Daha da eski dönemlere gidersek Hz. Nuh’un tarihin ilk marangozu, ağaçtan gemi yapan kişi olduğunu görürüz. Zira kendisine verilen üstün ilim, bilgi ve beceri ile insanoğlunun yeryüzünde çoğalmasına vesile olan ve onları tarihin büyük azap ve felaketlerinden olan tufan hadisesinden kurtaran "Nuh'un Gemisi"ni inşa etmiştir.
Şüphesiz Hz. Nuh ile başlayan ve büyük bir ihtiyaca binaen gerçekleşmiş bu beceri ve kadim sanat, sonraki toplumlar tarafından da yapılagelmiştir. Şöyle ki; İslamiyetten önce Orta Asya Türk folklorunda daima kutsal sayılmış olan ağaç, Türklerin hem günlük yaşamda vazgeçilmezi hem de sanat yapıtlarında kullandıkları ana malzemesi olmuştur. Türklerin ahşabı kullanan en eski milletlerden olduğunu, insanlık tarihinin en eski kazı ve buluntularından Türklere ait "Pazırık Kurganları"ndan çıkan eşyalar ve sanat eserleri ispat etmektedir.

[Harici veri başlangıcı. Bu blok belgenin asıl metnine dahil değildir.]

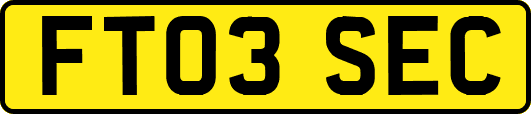 FT03SEC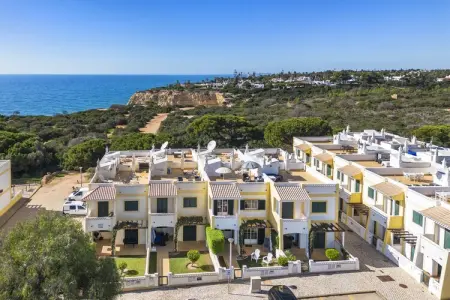 Casa Madeleina : maison 4 pers. vue mer à Benagil : photo 17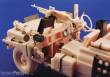 Eduard Accessories 35754 - Land Rover SAS für Tamiya 35076 Bausatz in 1:35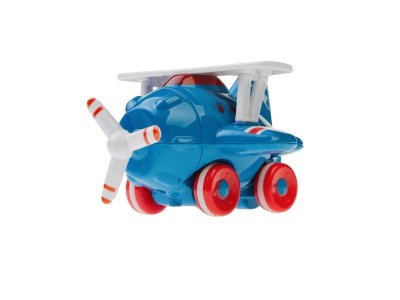Игрушка S+S Toys, Самолетик, 1 шт. 1-00224409_17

Öz Türkçe olan ve dünya literatürüne Türk dilinden geçen "ağaç" sözcüğü, ağacın varlığına verilen bir değerin dışa vurumu olmakla birlikte ağaç da ahşabın ana malzemesini teşkil etmektedir. Orta Asya’dan Anadolu’ya gelen bu kültür ve yaşam biçimi, Selçuklu mimarisinde temel alınan ve İslami ögelerle şekillendirilen ahşap işçiliği ile kendine has bir üslupla devam etmiş ve tüm dünyayı hayran bırakan güzellikler inşa ederek büyük bir medeniyet mirası bırakmıştır.

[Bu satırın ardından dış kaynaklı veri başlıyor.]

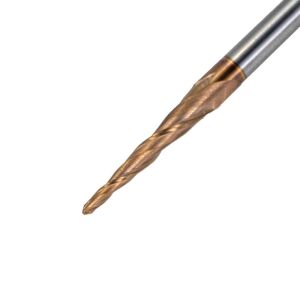 Titi 5530 Karbür Kaplama 3D Oyma Pantograf (Sap:6mm)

Bunun uzantısı olan Osmanlı İmparatorluğu’nda sürdürülen ve yeni tekniklerle günlük yaşantıda, ibadethaneler ve mimaride vazgeçilmez olan ahşap, Osmanlı donanmasında kullanılan gemiler ve denizlere verilen önemle ahşap tekne, gemi yapımı biçiminde hayat bulmuş ve gelişim göstermiştir.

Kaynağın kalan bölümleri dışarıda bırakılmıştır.